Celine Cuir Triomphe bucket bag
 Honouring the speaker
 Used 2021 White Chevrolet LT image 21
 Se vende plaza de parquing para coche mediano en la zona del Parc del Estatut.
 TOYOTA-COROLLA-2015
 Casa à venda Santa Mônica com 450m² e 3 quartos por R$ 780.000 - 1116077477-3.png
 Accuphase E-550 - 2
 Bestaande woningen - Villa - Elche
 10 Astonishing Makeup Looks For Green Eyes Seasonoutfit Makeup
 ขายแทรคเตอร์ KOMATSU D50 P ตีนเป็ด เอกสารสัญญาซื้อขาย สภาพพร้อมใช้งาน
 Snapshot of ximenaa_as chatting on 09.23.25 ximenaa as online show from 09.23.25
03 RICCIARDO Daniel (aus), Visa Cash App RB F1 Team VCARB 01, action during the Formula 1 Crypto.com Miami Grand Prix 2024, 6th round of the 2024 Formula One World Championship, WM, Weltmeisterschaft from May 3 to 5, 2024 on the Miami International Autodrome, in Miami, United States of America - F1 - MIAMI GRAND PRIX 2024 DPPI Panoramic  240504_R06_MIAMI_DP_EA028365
──────
**EXERCISE AIM:** The listing above is to be restated word for word.

**SOLUTION BELOW:**
Celine Cuir Triomphe bucket bag
 Honouring the speaker
 Used 2021 White Chevrolet LT image 21
 Se vende plaza de parquing para coche mediano en la zona del Parc del Estatut.
 TOYOTA-COROLLA-2015
 Casa à venda Santa Mônica com 450m² e 3 quartos por R$ 780.000 - 1116077477-3.png
 Accuphase E-550 - 2
 Bestaande woningen - Villa - Elche
 10 Astonishing Makeup Looks For Green Eyes Seasonoutfit Makeup
 ขายแทรคเตอร์ KOMATSU D50 P ตีนเป็ด เอกสารสัญญาซื้อขาย สภาพพร้อมใช้งาน
 Snapshot of ximenaa_as chatting on 09.23.25 ximenaa as online show from 09.23.25
03 RICCIARDO Daniel (aus), Visa Cash App RB F1 Team VCARB 01, action during the Formula 1 Crypto.com Miami Grand Prix 2024, 6th round of the 2024 Formula One World Championship, WM, Weltmeisterschaft from May 3 to 5, 2024 on the Miami International Autodrome, in Miami, United States of America - F1 - MIAMI GRAND PRIX 2024 DPPI Panoramic  240504_R06_MIAMI_DP_EA028365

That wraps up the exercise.